Since the raid on a meat processing facility in Bean Station, Tenn., resulted in the arrest of nearly 100 workers one year ago, a succession of raids has each been dubbed the “largest in a decade.” Last June, there were 146 arrests at Fresh Mark, a meat processing facility in Salem, Ohio. In August, 160 workers were arrested at Load Trail Trailer in Sumner, Tex. Most recently — last week — a raid on CVE Technology Group in Allen, Tex., resulted in the arrests of 284 workers.

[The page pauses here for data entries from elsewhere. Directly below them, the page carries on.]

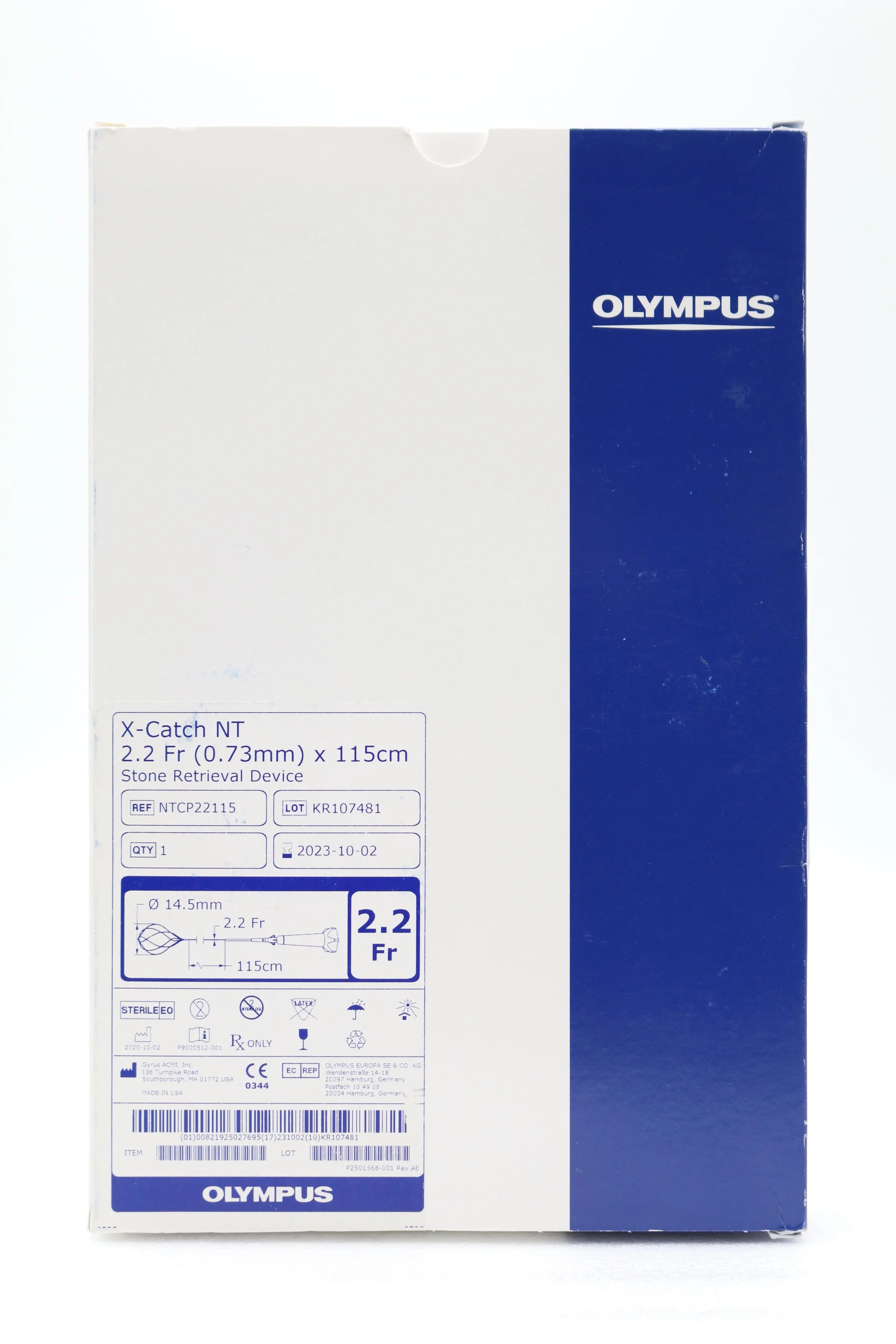 Olympus | NTCP22115 | EXPIRED | EACHES | X-Catch NT 2.2 Fr (0.73mm) x 115cm Stone Retrieval Device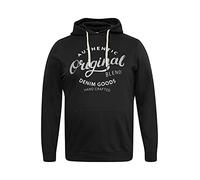 Blend BT Tobias Hoodie Herren Big & Tall Kapuzenpullover Vintage Pullover mit Kapuze Große Größen bis 6XL, Größe:4XL, Farbe:Black (194007)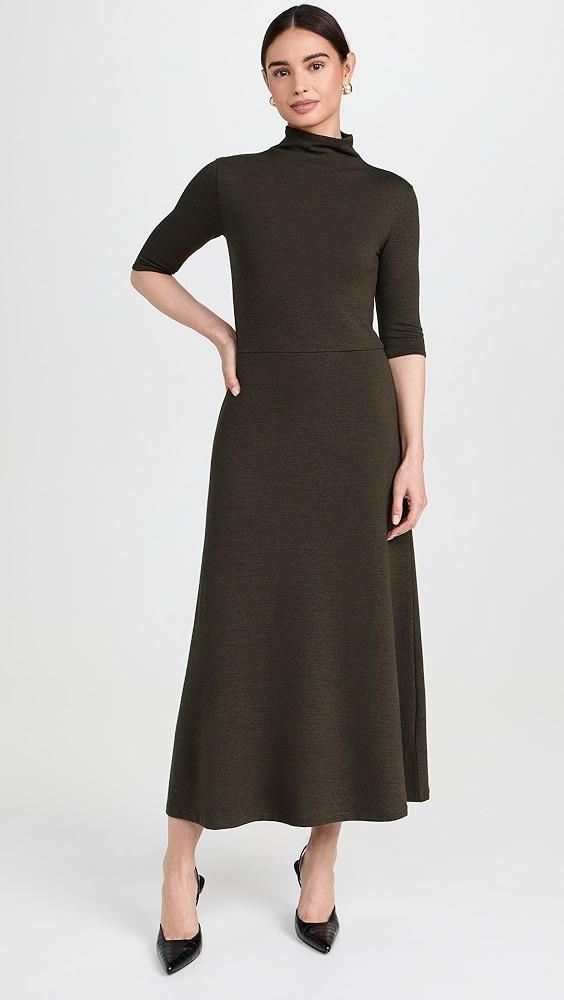 Vince Elbow Sleeve Turtleneck Dress | Shopbop Product Image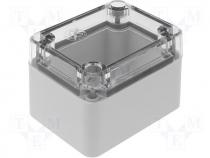 FIBOX polycarbonate enclosure 50x65x45mm transp. cover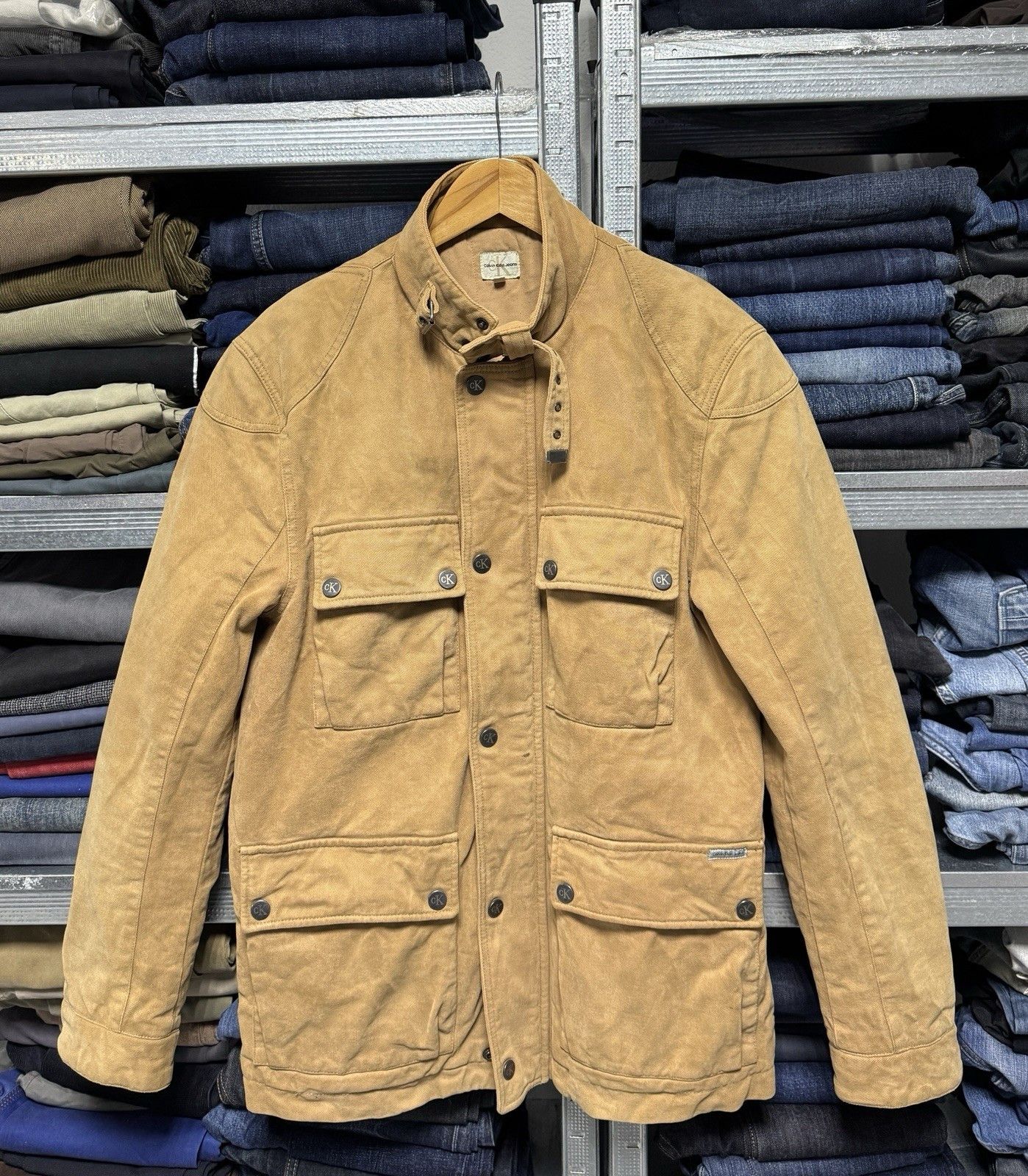Calvin Klein Calvin Klein Vintage Motorcycle Warm Jacket Size US M / EU 48-50 / 2 - 1 Thumbnail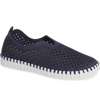 Ilse Jacobsen Tulip 139 Perforated Slip-on Sneaker In Navy Nubuck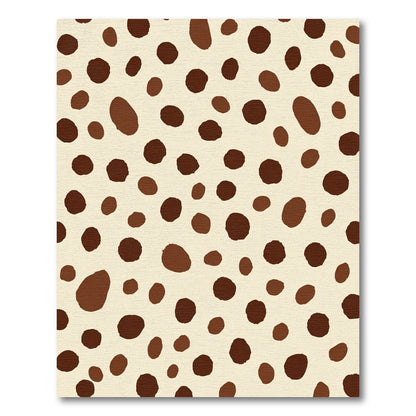 Earthy Brown Spotted Animal Hide Rug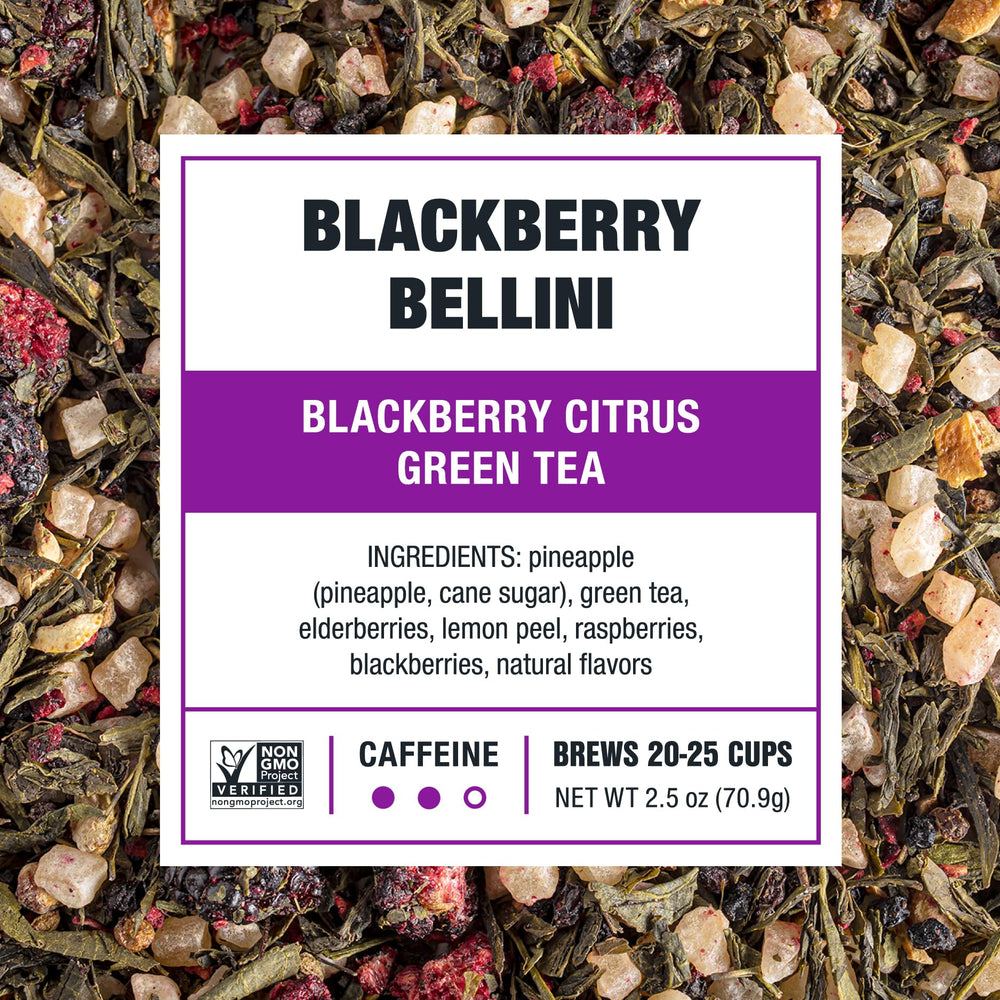 Tiesta Tea premium loose leaf blend close-up with vibrant ingredients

Regardless of whether nearly 300 people are arrested, as happened last week in Allen, or 30 people, as during a February raid in Sanford, N.C., these raids are devastating for individuals, families, and communities. The people represented by these numbers are members of local communities: they are workers, parents, friends, and neighbors. While ICE typically claims that these “administrative arrests” are a secondary consequence of its investigations of employers’ criminal activity, it’s actually workers who end up suffering the most because of these investigations.
Workers who have lived through one of these raids describe how a normal workday suddenly transforms into multiple scenes of chaos infused with fear. In Tennessee, the National Immigration Law Center and co-counsel filed a lawsuit on behalf of workers whose constitutional rights were violated during last year’s highly militarized raid. One plaintiff, Martha Pulido, described the terror she experienced: “I showed up to work that morning just like I had every day for more than a year, ready to do my job and provide for my family. Instead, I had a gun pointed in my face and saw my coworkers get punched in the face and shoved to the ground by federal agents.”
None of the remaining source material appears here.